Please reproduce the entries exactly as they appear below, but not the pictures.
======== DATA RECORDS ========
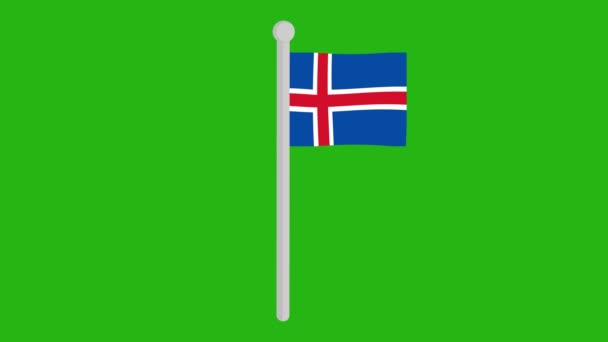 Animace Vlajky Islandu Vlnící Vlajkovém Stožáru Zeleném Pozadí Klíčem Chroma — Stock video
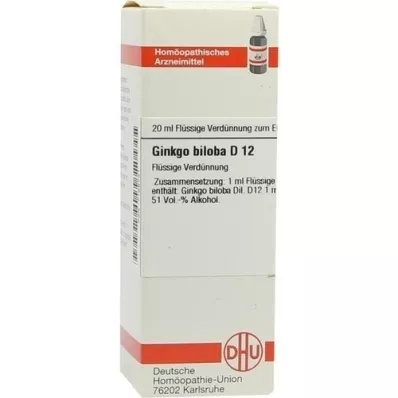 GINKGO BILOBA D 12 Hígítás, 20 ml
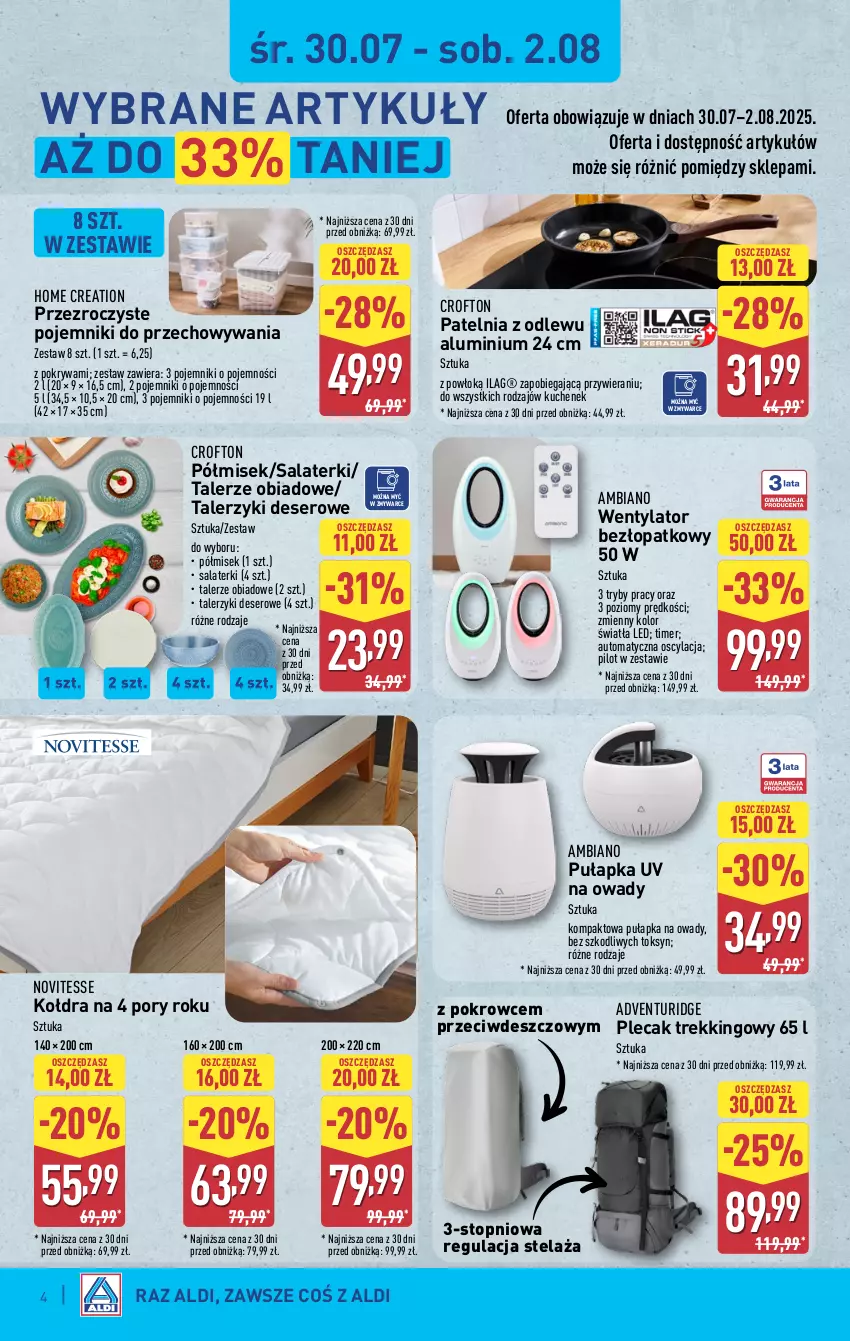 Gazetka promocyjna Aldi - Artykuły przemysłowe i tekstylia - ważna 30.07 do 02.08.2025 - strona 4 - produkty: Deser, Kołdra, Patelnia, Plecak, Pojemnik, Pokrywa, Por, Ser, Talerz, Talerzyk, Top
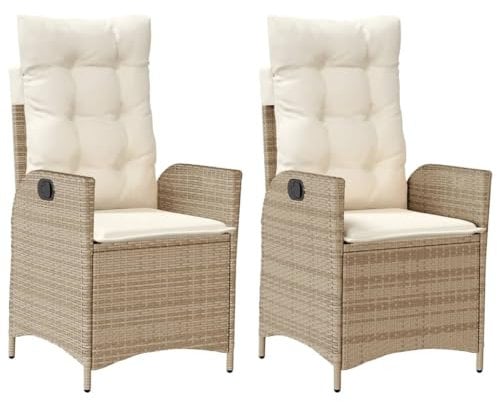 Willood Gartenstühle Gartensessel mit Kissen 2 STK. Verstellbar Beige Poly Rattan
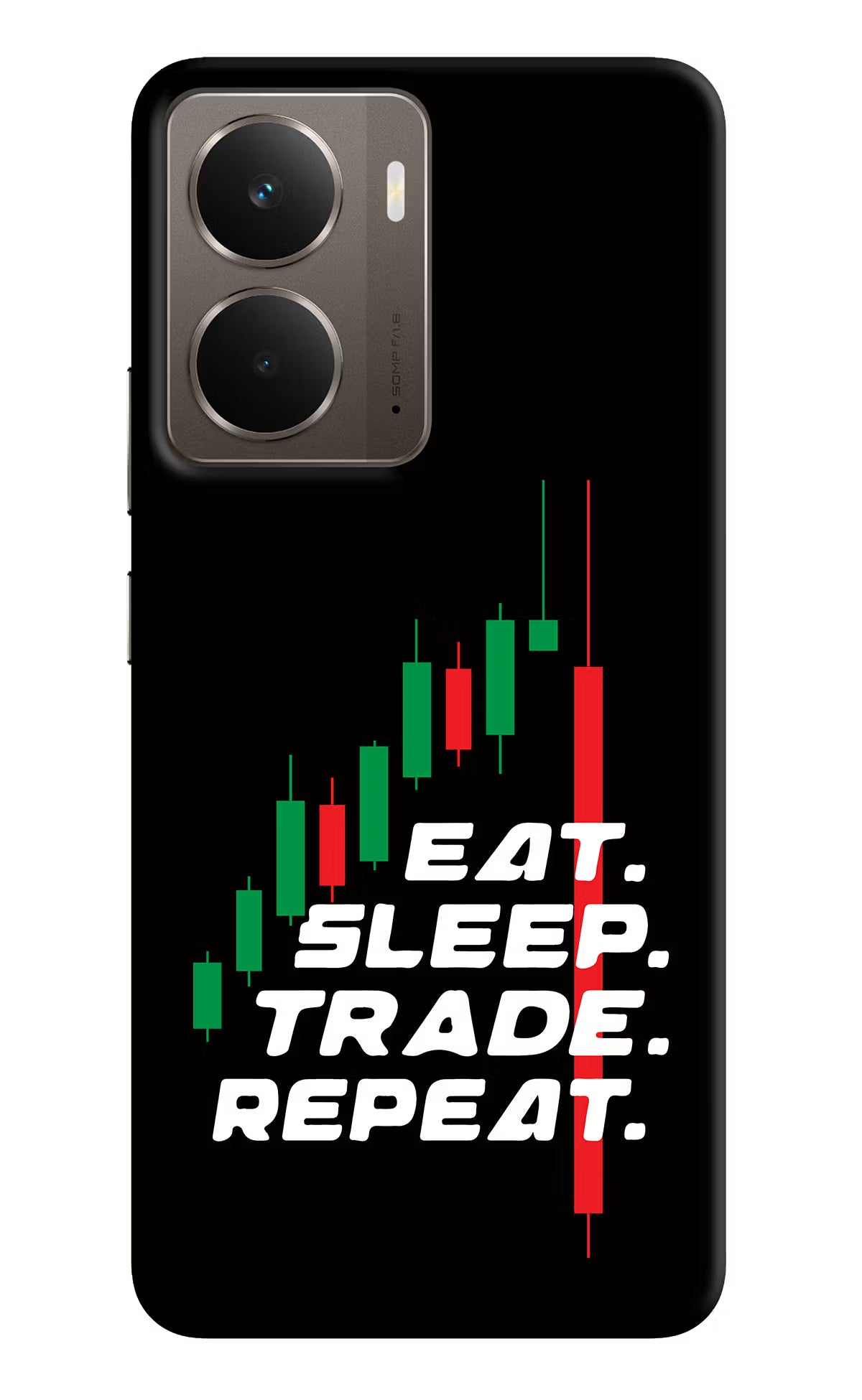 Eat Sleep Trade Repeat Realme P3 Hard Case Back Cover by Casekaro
========
TASK SOLUTION:
 Animace Vlajky Islandu Vlnící Vlajkovém Stožáru Zeleném Pozadí Klíčem Chroma — Stock video
 GINKGO BILOBA D 12 Hígítás, 20 ml
 Gazetka promocyjna Aldi - Artykuły przemysłowe i tekstylia - ważna 30.07 do 02.08.2025 - strona 4 - produkty: Deser, Kołdra, Patelnia, Plecak, Pojemnik, Pokrywa, Por, Ser, Talerz, Talerzyk, Top
 Willood Gartenstühle Gartensessel mit Kissen 2 STK. Verstellbar Beige Poly Rattan
 Eat Sleep Trade Repeat Realme P3 Hard Case Back Cover by Casekaro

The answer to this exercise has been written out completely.